Quick Hash Crack Plus License Key
Quick Hash is a small-sized and portable software utility that enables you to calculate the hash of text strings and files. It offers support for MD5, SHA1, SHA256 and SHA512, and xxHash signatures.
As there is no setup pack involved, you can drop the executable file in any part of the hard disk and just click it to run.
Software company |
Ted Smith
|
Rank |
3.5
1043
3.5
|
Crack size | ~ 500KB |
Downloads total | 9555 |
Systems | Win XP, Win Vista, Win 7, Win 8, Win 10, Win 10 64 bit |
Another option is to save Quick Hash to a USB flash drive or similar storage unit, in order to run it on any PC with minimum effort and no previous installers.
An important aspect worth taking into account is that the Windows registry does not get updated with new entries, and no extra files are created on the disk, leaving it clean after removal.
The GUI is represented by a simple window split into several areas, dedicated to hashing text, files, files recursively, as well as hashing, copying and hashing recursively.
The first step is selecting the preferred checksum algorithm, after which you can type or paste text, point out a file using the file browser (drag and drop is supported), or pick an entire directory with files to process.
The hash is generated with the click of a button and you can copy it to the Clipboard. Furthermore, it is possible to make the tool save directories to log files (CSV or HTML), ignore subdirectories, flag duplicates, filter files by types when processing entire directories, and so on.
We have not come across any stability issues in our tests, since the app did not freeze, crash or display error notifications. Quick Hash Keygen has minimal impact on system resources, calculates hashes rapidly and it is very easy to work with, regardless of the user's previous experience with such apps. The interface could use a little work, though. For example, resizing the main window does not resize the UI elements as well.
ChangeLog
- Function CountGridRows has been changed. This function was designed to count the number of rows in any given display grid to determine whether the clipboard could be used, or whether the data would saved to a filestream. And, if the user chose to save the output to CSV or HTML, the same function would check to see if a memory list of strings could be used to then be saved out to a file, or whether a filestream should be used line by line.
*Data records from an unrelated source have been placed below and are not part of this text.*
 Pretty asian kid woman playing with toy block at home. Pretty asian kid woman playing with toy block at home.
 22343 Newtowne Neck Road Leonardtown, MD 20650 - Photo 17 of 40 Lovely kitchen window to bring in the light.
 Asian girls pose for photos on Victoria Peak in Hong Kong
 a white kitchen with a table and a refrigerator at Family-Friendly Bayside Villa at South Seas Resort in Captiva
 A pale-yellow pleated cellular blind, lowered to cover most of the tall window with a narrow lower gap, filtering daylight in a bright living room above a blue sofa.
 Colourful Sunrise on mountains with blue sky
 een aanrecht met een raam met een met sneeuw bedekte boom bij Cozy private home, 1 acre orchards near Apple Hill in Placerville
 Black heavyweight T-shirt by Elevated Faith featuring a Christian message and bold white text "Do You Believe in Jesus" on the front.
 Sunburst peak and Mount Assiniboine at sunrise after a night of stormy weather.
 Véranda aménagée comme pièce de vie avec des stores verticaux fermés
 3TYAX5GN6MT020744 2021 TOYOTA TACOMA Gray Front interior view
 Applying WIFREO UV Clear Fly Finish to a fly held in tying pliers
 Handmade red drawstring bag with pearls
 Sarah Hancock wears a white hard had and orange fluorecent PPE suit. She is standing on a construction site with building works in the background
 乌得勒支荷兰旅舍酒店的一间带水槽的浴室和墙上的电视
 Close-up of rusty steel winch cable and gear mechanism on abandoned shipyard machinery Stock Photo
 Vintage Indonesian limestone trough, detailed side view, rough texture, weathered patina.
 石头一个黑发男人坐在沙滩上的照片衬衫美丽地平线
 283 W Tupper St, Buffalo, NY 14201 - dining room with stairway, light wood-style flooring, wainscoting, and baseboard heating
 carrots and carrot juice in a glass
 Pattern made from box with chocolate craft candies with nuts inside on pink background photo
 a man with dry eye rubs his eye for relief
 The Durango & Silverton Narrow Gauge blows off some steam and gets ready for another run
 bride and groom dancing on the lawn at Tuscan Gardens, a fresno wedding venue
- But, when saving the output of very large lists of files to HTML, filestreams were supposed to be incorporated rather than using RAM. However, due to the v3.3.0 adjustment of the function CountGridRows to use .RecordCount, .First and .Last, the variable that was used to check the number of rows was only showing what was on screen instead of what was in the table. So, QH was still using RAM even if the row count was many hundreds of thousands!! As such, it would cause QH to crash with large volumes of data. Fixing this required tow significant changes:
Comments
Gabriella, 28 November 2018
Baie dankie vir die serial Quick Hash
giovanna, 29 January 2018
Cheers!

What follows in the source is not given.